Directions |
Would you reproduce exactly, and only, the lines starting at the one with "Куртка зимняя женская" and ending at the last line of the data, with both included? Leave the pictures out.

Dataset entries |
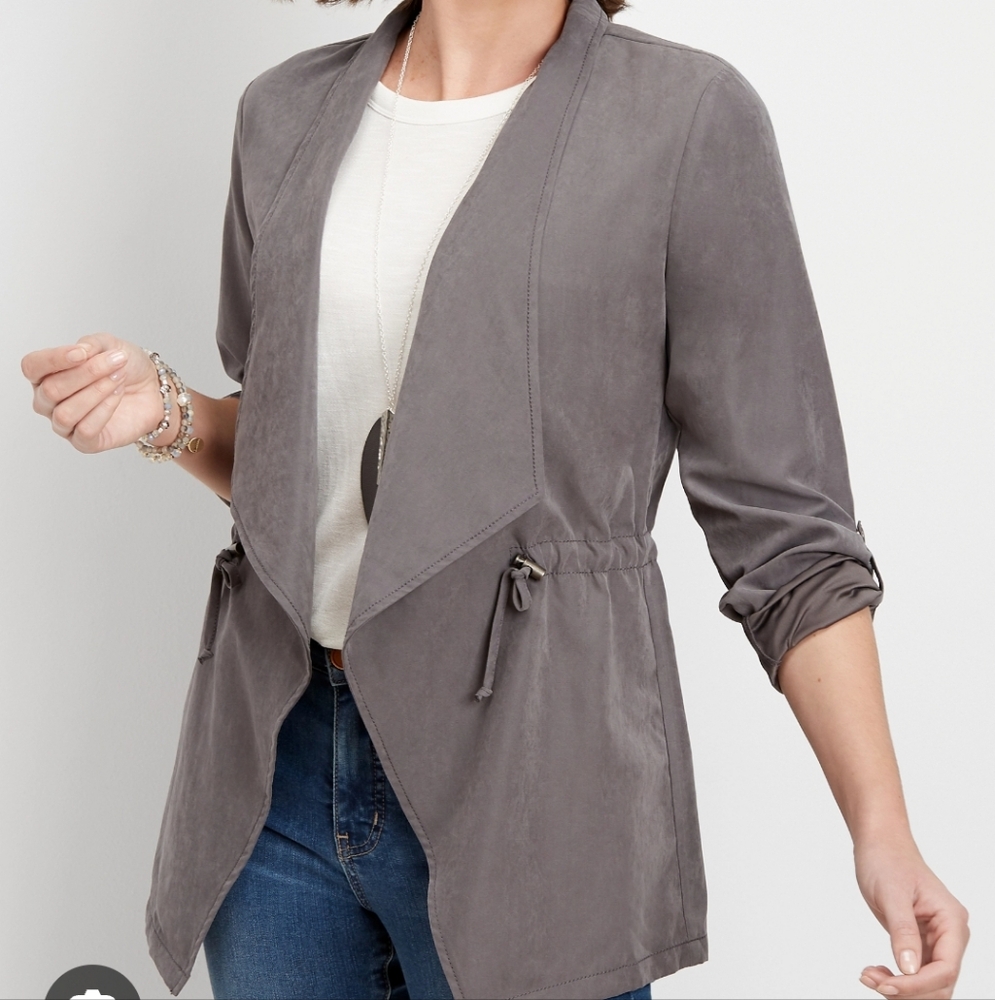 Maurices Women's Cardigan jacket Collar Utility Jacket M  Gray Soft Cinch Waist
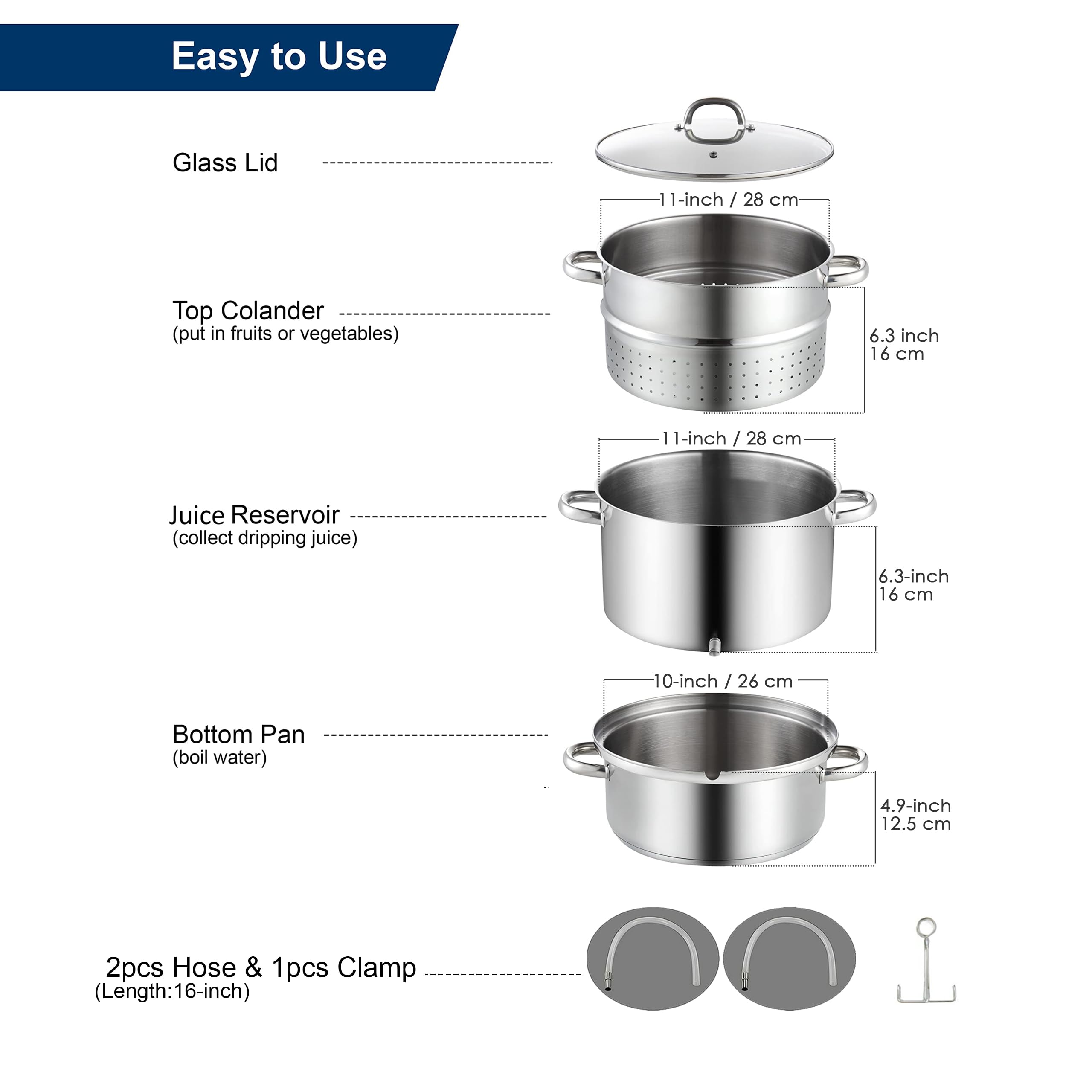 Cooks Standard Canning Juice Steamer Extractor Fruit Vegetables for Making Jelly, Sauces, 11-Quart Stainless Steel Multipot with Glass Lid, Clamp, 2-Pcs Hose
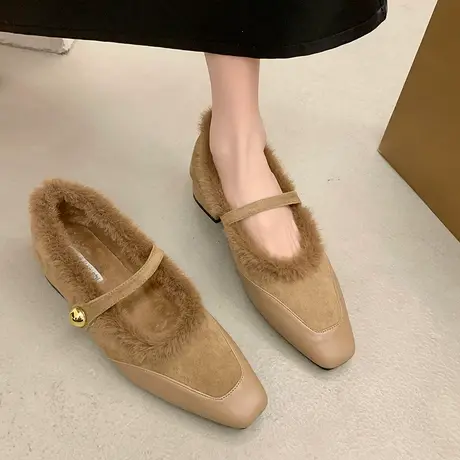 玛丽珍鞋女2023年秋冬季复古百搭加绒晚晚鞋配裙子浅口粗跟毛毛鞋图片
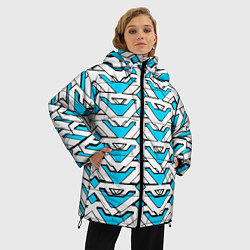 Куртка зимняя женская Бело-синий узор, цвет: 3D-светло-серый — фото 2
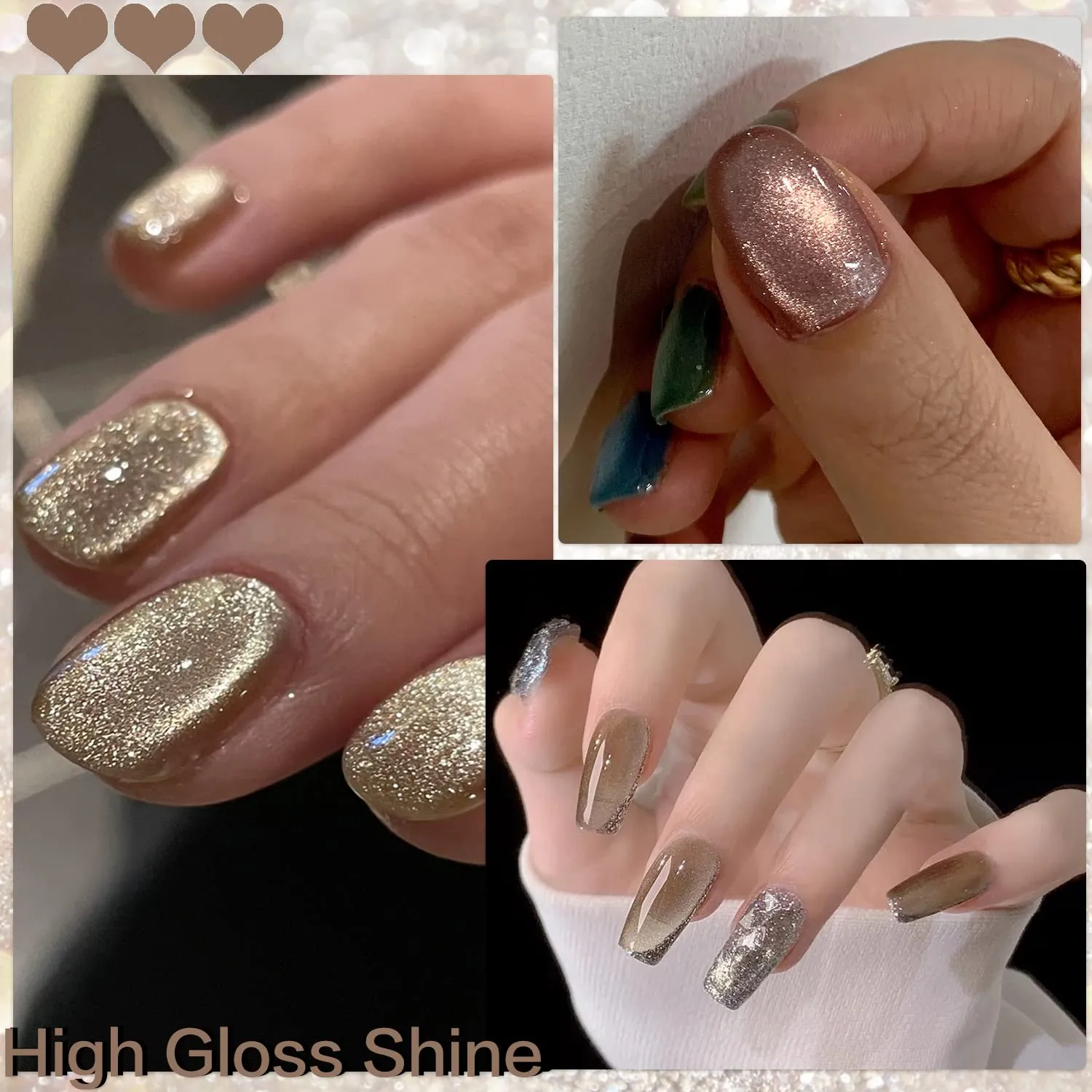 AHAMIOU Crystal Cat Eye Gel Polish Kits Magnetic Nail Polish Set Holographic Cats Eyes Gel Nail Polish Shiny Diamond Glitter Gel with Magnet Stick (Beige)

Task result |
 Куртка зимняя женская Бело-синий узор, цвет: 3D-светло-серый — фото 2
 AHAMIOU Crystal Cat Eye Gel Polish Kits Magnetic Nail Polish Set Holographic Cats Eyes Gel Nail Polish Shiny Diamond Glitter Gel with Magnet Stick (Beige)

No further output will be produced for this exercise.